Angela Weiss | AFP | Getty Images

Talk of a recession is heating up, with Wall Street veterans flagging the rising risks of a downturn — and offering advice on how to invest during this cycle.

Investment bank Morgan Stanley said that while a recession isn’t its base case, it is its bear case because the risk of one has “gone up materially.”

“Needless to say there are numerous shocks hitting the economy right now that could tip us over into a recession at some point in the next 12 months,” said the investment bank in a May report. It cited factors such as an escalation of the Russia-Ukraine war that may push oil prices to $150, the extremely strong dollar, and crushing cost pressures on companies.

Wall Street veteran Ed Yardeni, who had said in April there was a 30% chance of a recession, last week raised that figure to 40%, while Citi CEO Jane Fraser told CNBC she was convinced that Europe is headed for a recession.

The war in Ukraine has caused energy prices to spike and food prices to rise.

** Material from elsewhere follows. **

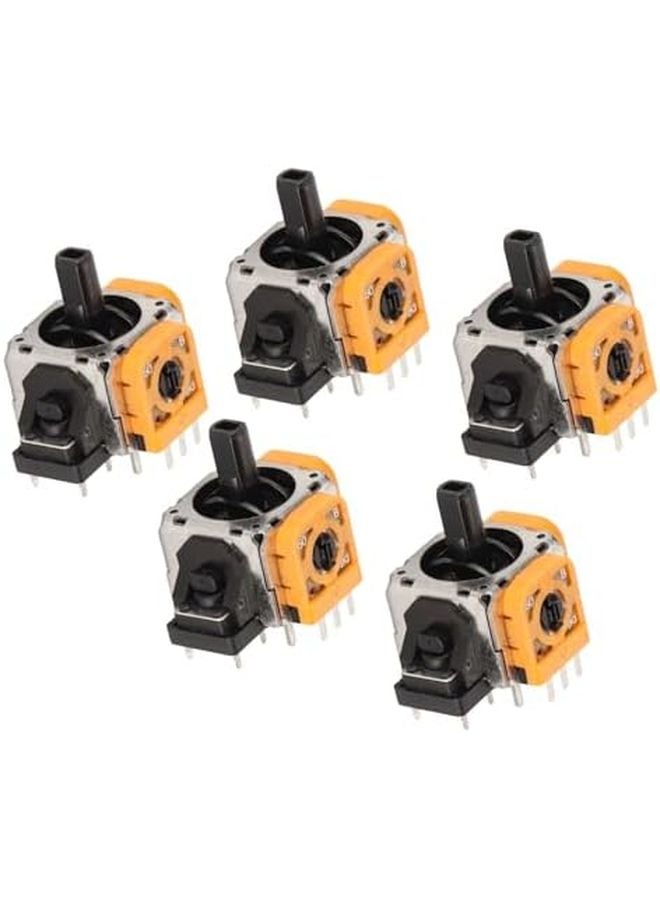 5 قطع عصا التحكم التناظرية ثلاثية الأبعاد السوداء لاستبدال عصا الإبهام لأجزاء إصلاح وحدات تحكم ألعاب الفيديو - Image 3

The U.S. and U.K. — and other countries around the world — are grappling with inflation that has risen to multi-year highs.

Major stock indexes have posted steep declines since peaking late in 2021 and early this year, with the Nasdaq losing around 23% since the beginning of 2022. The S&P 500 has dropped about 13% in the same period.

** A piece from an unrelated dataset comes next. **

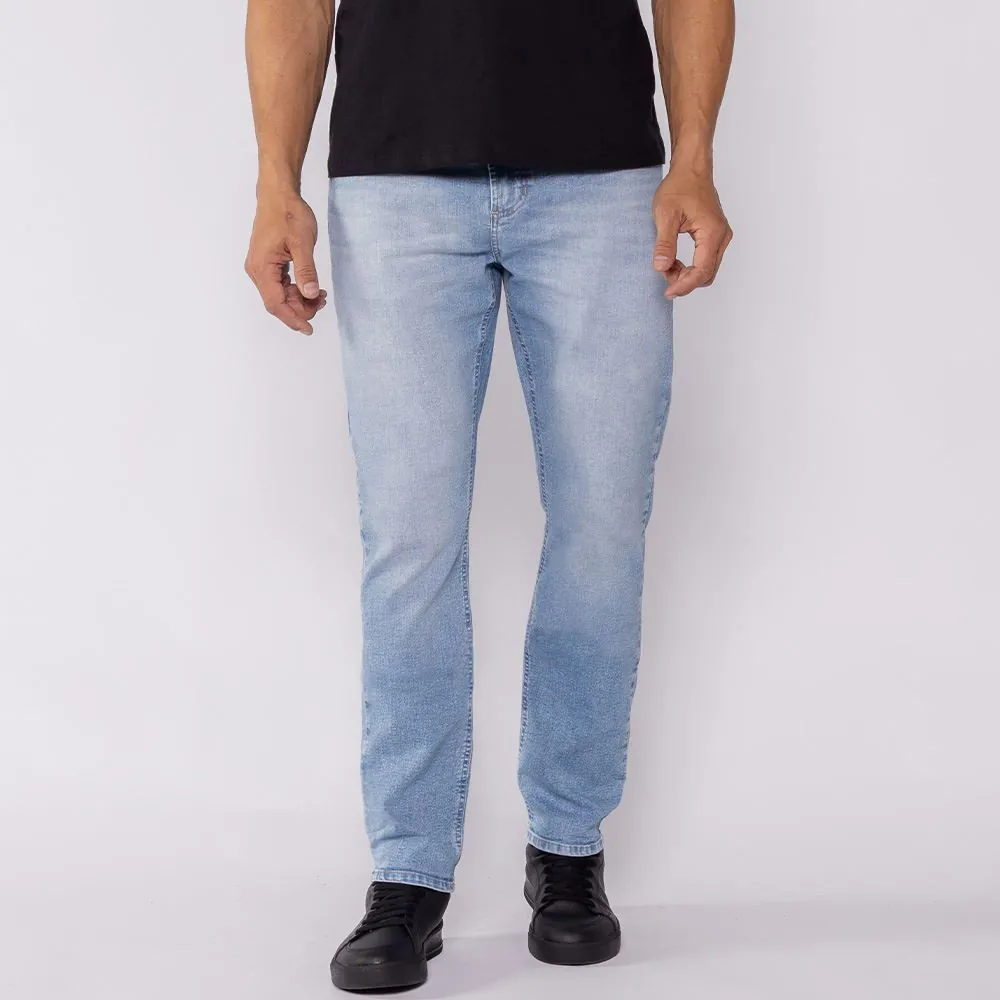 Calça Jeans Masculina Slim Thing Azul Claro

Here’s how antsy investors can ride out persistent turbulence in the stock market, according to the experts.

1.    Buy these three sectors

As volatility is set to stick around, Morgan Stanley recommended defensive sectors in a May 16 report on its U.S. stock outlook. Those include health care, utilities and real estate.

“With the exception of Energy, all of the top performing sectors have come from the defensive end of the spectrum,” Morgan Stanley wrote. “We do not believe defensives will have a great run of absolute performance but they should offer some relative protection as our call for lower earnings and multiples would hit cyclicals harder.”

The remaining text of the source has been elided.